Most businesses still run on repetitive tasks that drain time. Updating a CRM, sending follow-ups, logging activity, and managing outreach are necessary, but they rarely require real judgment. Many teams still rely on manual effort or fragmented tools to address this issue. However, Kumar Abhirup, the founder of Dench, takes a different approach. His company focuses on AI agents that handle operational work directly inside the tools businesses already use. The goal is to give people their time back.
Internet Access as a Competitive Equalizer
Abhirup’s story starts far from Silicon Valley. “I grew up in Nashik,” he says. “If you’re not from India, you probably haven’t heard of it.” Without access to startup networks or elite schools, he relied on the internet to learn and build.
He taught himself to code at 11, spoke at WordCamp by 13, and exited his first startup at 16. He later worked on Airchat alongside AngelList co-founder Naval Ravikant. In this capacity, he gained first-hand exposure to how high-level startups operate. That progression led him to Y Combinator (YC).
At YC, he joined a network that has backed companies like Airbnb and Stripe and is widely regarded as the world’s most selective startup accelerator, with an acceptance rate of less than 1%. His credibility did not come from credentials. It came from output. “Credentials are a tax you pay when you don’t have output,” Abhirup says. That mindset still defines how he builds.

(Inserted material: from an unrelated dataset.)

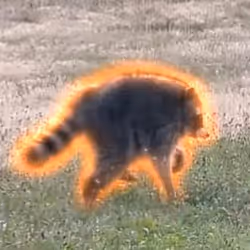 JIMOTHY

Why AI Still Falls Short for Most Businesses
Despite rapid adoption, most companies only use AI at the surface level. Chat interfaces can answer questions, but they do not execute tasks. Abhirup saw this early. “Most people’s experience of AI is still ChatGPT,” he says. “Ask a question, get an answer. That is not technology. That is the tutorial.”

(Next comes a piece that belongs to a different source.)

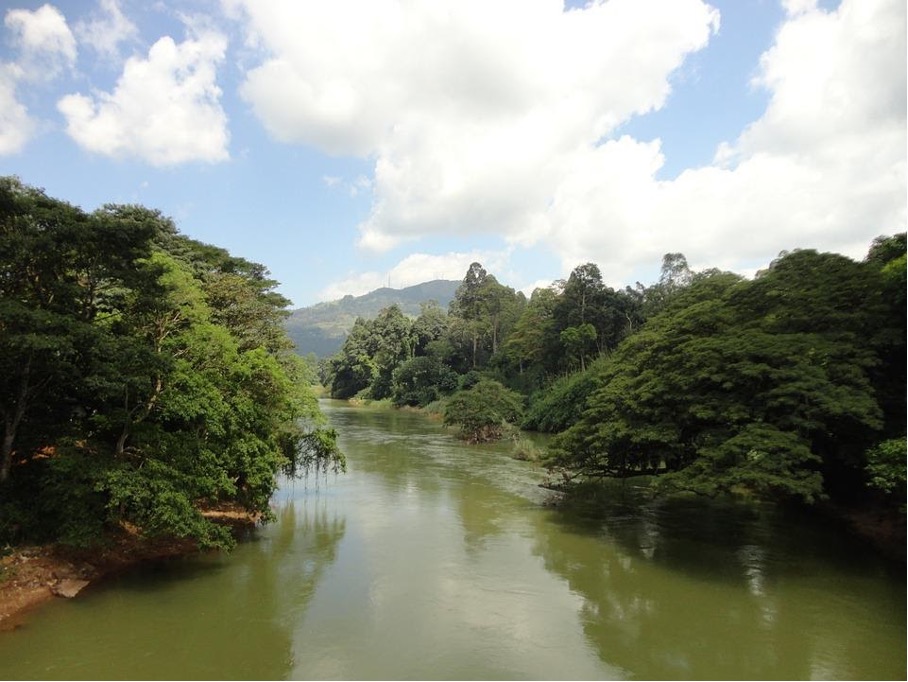 Kelani River in Kitulgala, dem Ort in Sri Lanka, an dem die berühmte Brücke gedreht wurde.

The real shift, in his view, is AI acting across systems. Writing emails, updating pipelines, making calls, and completing workflows without constant human input. This is where DenchClaw, as an OpenClaw CRM, comes in. These tools focus on execution, not novelty. The same principle extends to AI agents for SEO. In this instance, automation handles keyword research, content updates, internal linking, and performance tracking without constant manual oversight.
DenchClaw gained traction quickly, with over one million impressions, 1.5K GitHub stars, stronger developer adoption, and visibility on Hacker News. Backings from the NVIDIA Inception Program and public support from Y Combinator president and CEO, Garry Tan, further validated the ecosystem. Related tools, such as OpenClaw, have demonstrated strong developer adoption, including claims of outperforming widely used open-source projects in popularity on GitHub.

AI That Works Like a Colleague
Dench is designed for practical use cases like CRM management, sales outreach, and email automation. Instead of adding another dashboard, it works inside existing systems. The idea is to reduce friction, not add to it.
“We are not building a productivity app,” Abhirup says. “We are building the infrastructure for American businesses to move at the speed AI makes possible.” This approach reflects his broader view of the market.
AI is not just a tool for assistance. It is becoming an execution infrastructure. Businesses that adopt it gain leverage, and those who do not fall behind.
Time Ownership as a New Advantage
Kumar Abhirup’s work also ties into a larger shift. Access to powerful tools is no longer limited by geography or background. His own experience proves that. “The internet doesn’t know where you come from.” That belief continues to guide his ambition.
In addition to his technical and entrepreneurial achievements, Abhirup has gained wider recognition in the ecosystem, including participation as a Nonce Korea 2022 fellow and being selected as a judge at Stanford Treehacks 2024, a hackathon featured in the New York Times.
He is not focused on scale for its own sake. Instead, Kumar Abhirup’s goal is fundamentally connected to time: he aims to empower more people to manage how they spend it. This concept holds significant importance in an economy that continues to rely on repetitive labor.
As AI continues to move from assistance to execution, the conversation is shifting from what these tools can do to how they are integrated into everyday workflows. For many businesses, the challenge is no longer access to AI, but how effectively it can be applied without adding complexity.
Abhirup’s approach reflects this shift. By focusing on systems that operate within existing tools rather than alongside them, the emphasis remains on reducing friction rather than introducing new layers of software. In that sense, the value of AI may not be measured by how advanced it appears, but by how seamlessly it fits into the way people already work.
Whether that model becomes standard across industries remains to be seen, but the underlying premise is clear: time is becoming a more visible constraint, and tools that can meaningfully reduce manual effort are likely to play an increasingly central role in how businesses operate.